Problem requirements
The finished copy should match every record exactly and contain no pictures.

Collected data
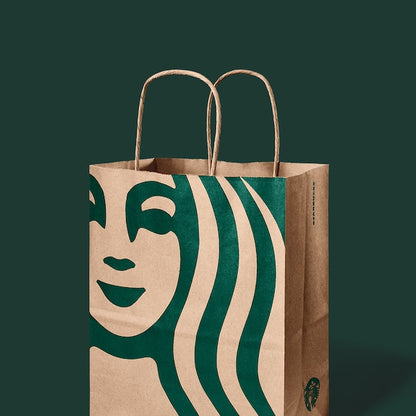 Starbucks Pickup –  Flowers By Lorena, Chino CA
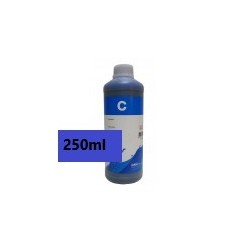 encre epson dye  cyan...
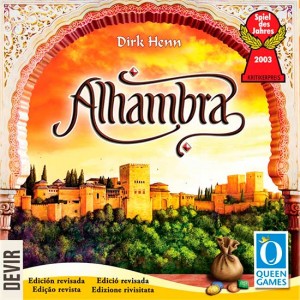 Alhambra Edición Revisada (unboxing) El club del dado Alhambra%2B%25281%2529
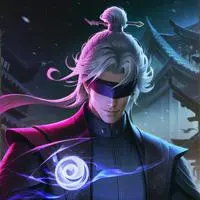 chat with ai character: Gojo Satoru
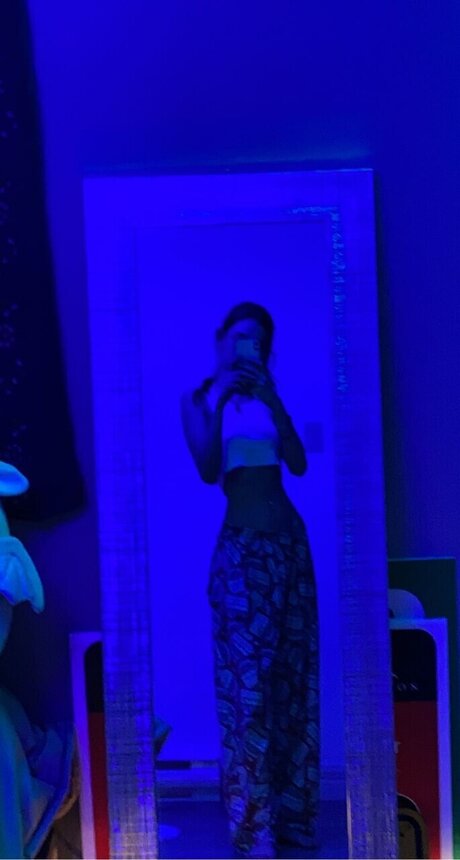 destiny sex star images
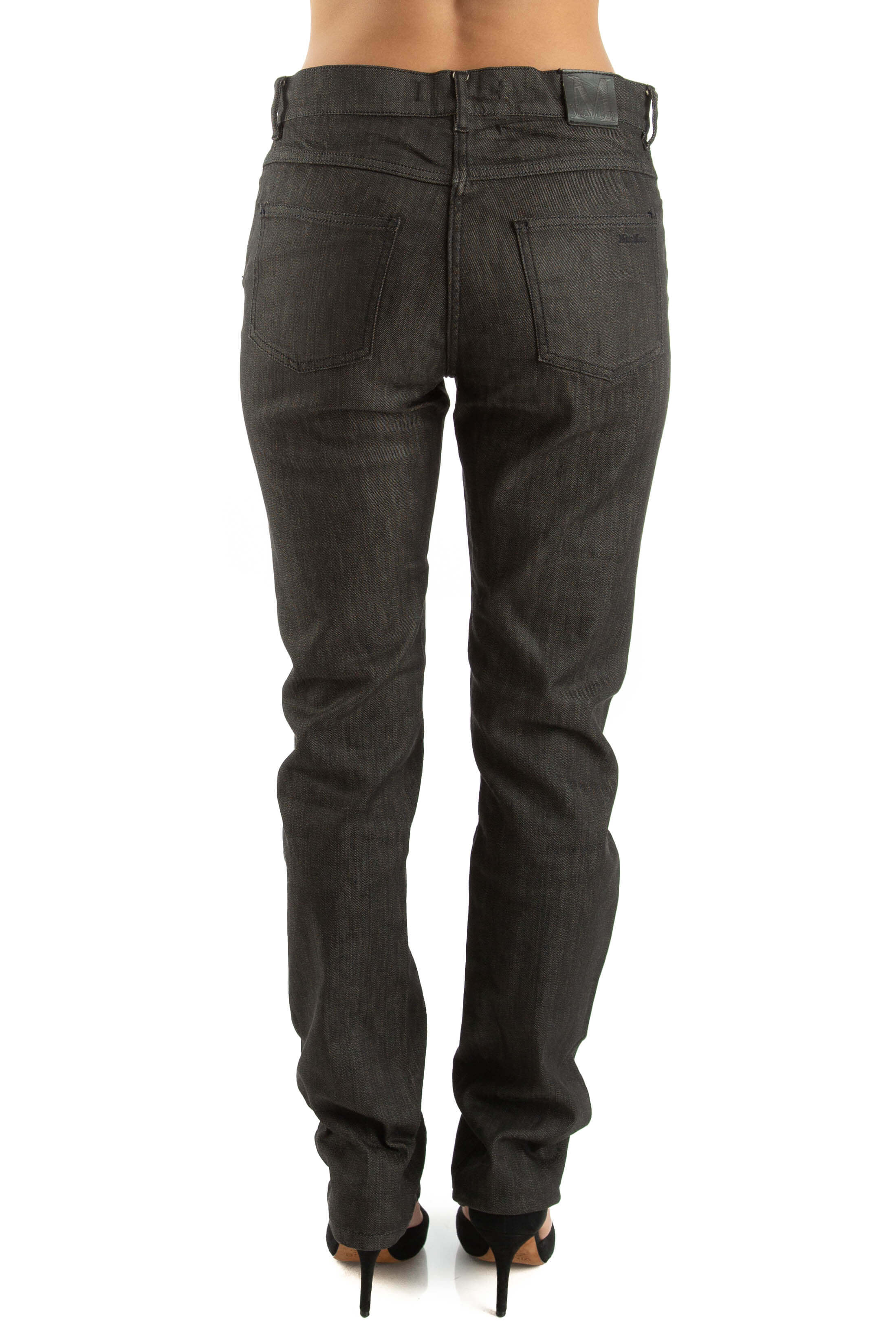 Max Mara, Talla 6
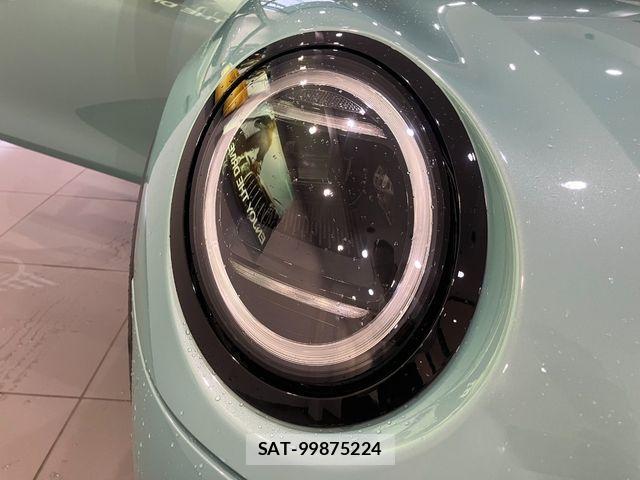 Bmw MINI 2026-02 8796661-7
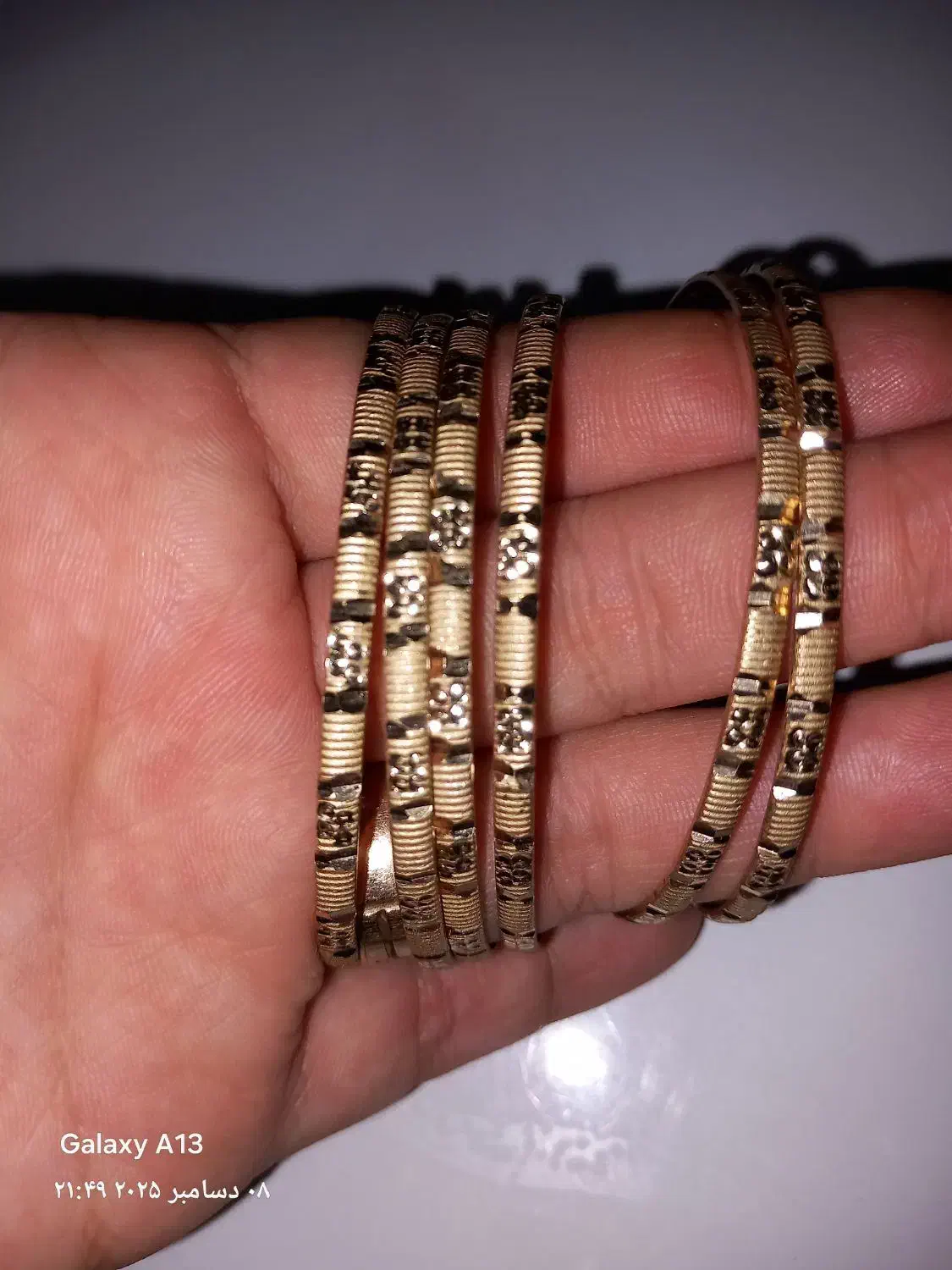 النگو|بدلیجات|رامهرمز, |دیوار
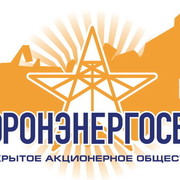 Оборонэнерго волго вятский филиал. Эмблема Оборонэнерго. Герб Оборонэнерго. Рисунки Оборонэнерго. Карта филиалов Оборонэнерго.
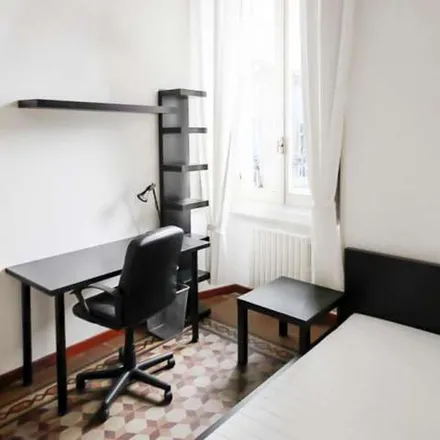 Image 9 - Via Crema, 30, 20135 Milan MI, Italy - Apartment for rent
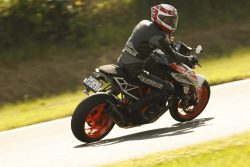 20250615 RIDINGZANMAI AK12757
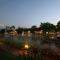 Silent Shores Resort & Spa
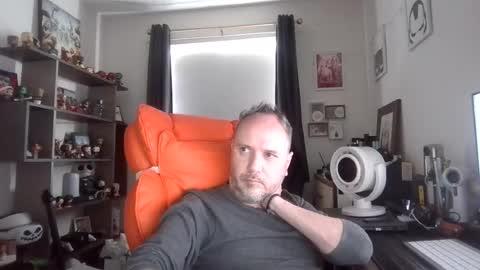 eastmidssoul online show from June 19, 2026, 8:18 am
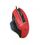Мышка A4Tech Bloody W95 Max RGB Activated USB Sports Red (Bloody W95 Max Sports Red) - фото 2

Response to this task
 Starbucks Pickup –  Flowers By Lorena, Chino CA
 encre epson dye  cyan...
 Alhambra Edición Revisada (unboxing) El club del dado Alhambra%2B%25281%2529
 chat with ai character: Gojo Satoru
 destiny sex star images
 Max Mara, Talla 6
 Bmw MINI 2026-02 8796661-7
 النگو|بدلیجات|رامهرمز, |دیوار
 Оборонэнерго волго вятский филиал. Эмблема Оборонэнерго. Герб Оборонэнерго. Рисунки Оборонэнерго. Карта филиалов Оборонэнерго.
 Image 9 - Via Crema, 30, 20135 Milan MI, Italy - Apartment for rent
 20250615 RIDINGZANMAI AK12757
 Silent Shores Resort & Spa
 eastmidssoul online show from June 19, 2026, 8:18 am
Мышка A4Tech Bloody W95 Max RGB Activated USB Sports Red (Bloody W95 Max Sports Red) - фото 2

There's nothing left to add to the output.